Scenes From German Cannabis Legalization In Progress
The German government is clearly moving forward with plans to legalize the plant. A delegation of Bundestag members is currently touring California – and last week two members of the SPD gave a progress report via Instagram
If there was a portrait of the in-progress discussion over German cannabis legalization to be sketched, it would be this. Very earnestly, very soberly and very deliberately, lawmakers are trying to both research North American cannabis markets and give the German people a general idea of where the legislation is heading.
SPD Informal Briefing Via Social Media
Last week, two members of the SPD, Carmen Wegge and Dirk Heidenblut went on Instagram to give an update into how legalization legislation was progressing. There were few surprises – starting with the fact that the government does not believe that international law – of either the EU or global kind – will derail the legalization initiative.

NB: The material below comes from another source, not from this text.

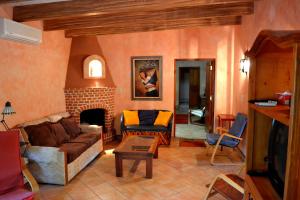 a living room with a couch and a fireplace at Loma de Guadalupe Alamos Sonora in Álamos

Beyond this, they both stated that they expect the draft legislation to be introduced either at the end of this year or early next, and the legislation to pass by next summer.
Home grow is very likely to be included in all of this. Online sales are almost certainly not going to be allowed. The Bundestag is also looking at both pharmacies and social clubs beyond dispensaries for legal sales.
Beyond this, it is also likely that cannabis will be allowed to be both domestically grown and imported, and that decriminalization will be part of the final legislation – not be implemented beforehand.
German Bundestag Delegation in California
As reported in the German zeitung Tagesschau, the Bundestag is keeping busy during the California leg of their North American cannabis research tour. The delegation is visiting as many as three cities a day to understand how the state has implemented recreational reform.
The takeaways? That the legal cultivation of cannabis is not profitable in the American model, and that the black market is still its biggest competition. Further, while they were impressed by the range of edibles available and are not ruling this aspect of the rec market out at home, candy that appeals to children, like gummy bears, is likely to be excluded.
Beyond this, the fragmented nature of regulation, from town to town is not likely to be a part of the approach in Germany. A national approach is something that seems to be more attractive.